Thanks for the close-up Chris.

Regards, Dean

Austin W Hogan
08-21-2009, 11:00 PM
It is my experience that BTFE checking is not grade dependent. I have VH's with sophisticated checking , a DH with the same pattern as an AH, a DH that looks like a VH, and a CSB and BSB with the same pattern.

Best, Austin

Dean Romig
08-21-2009, 11:09 PM
I'm in agreement with you Austin as regards the forend checkering - it is the checkering on the grip of the stock at the area closest to the head of the stock that I have referenced.

Best, Dean

Bill Murphy
08-22-2009, 11:46 AM
I'll go with the drug store theory. I also think that maybe these are used guns.

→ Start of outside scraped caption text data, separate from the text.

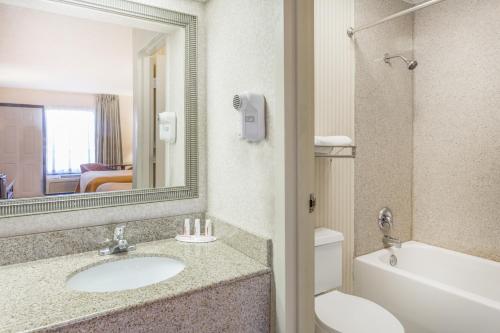 OnleyOnley Inn的一间带水槽、卫生间和镜子的浴室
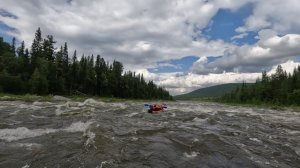Прохождение порогов на реке Щугор на пакрафтах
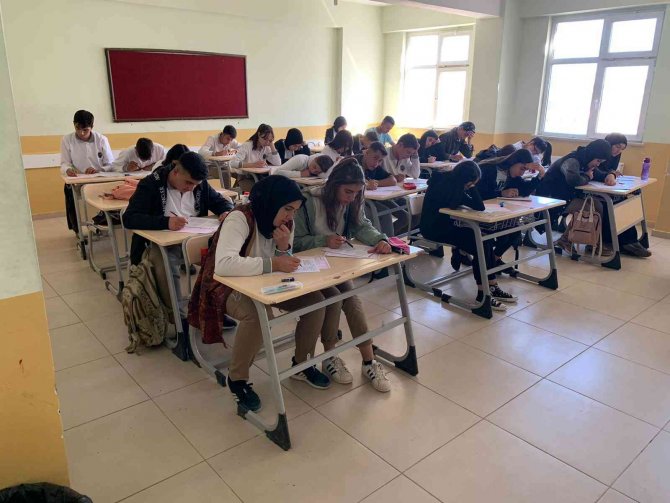 Malazgirt’te Öğrencilere ’Ücretsiz Deneme Sınavı’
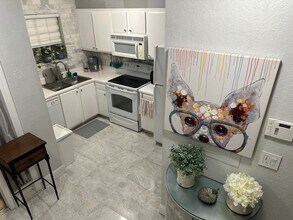 2194 NE 167th St in North Miami Beach, FL - Building Photo - Building Photo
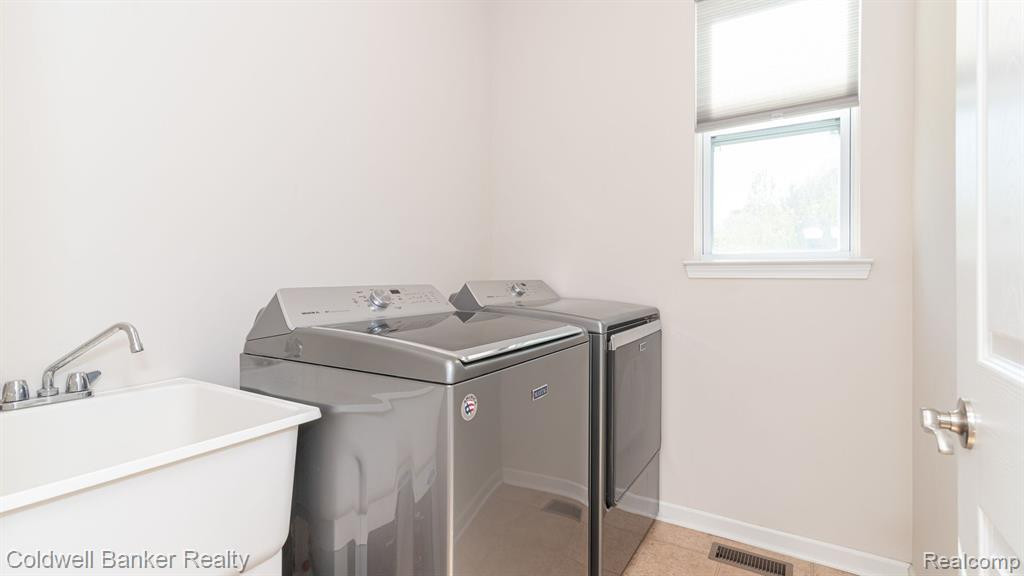 8860 LILLY Drive, Ypsilanti, MI 48197 — Photo 25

The slip on pad and the Jostam would be very unlikely on a new Parker. The pricing of various items would be a better clue to the age of the picture than the recoil pad or the configuration of the guns. In some unlikely areas, very high grade guns were displayed. When I was barely a teenager, Tendler's Sales Company, a jewelry and pawn shop at 913 D Street NW Washington, D.C. displayed English double rifles and high grade American shotguns in the window. This was in the early sixties. It is assumed that these guns were unredeemed pawn items. Chris' picture could be as late as the fifties or sixties.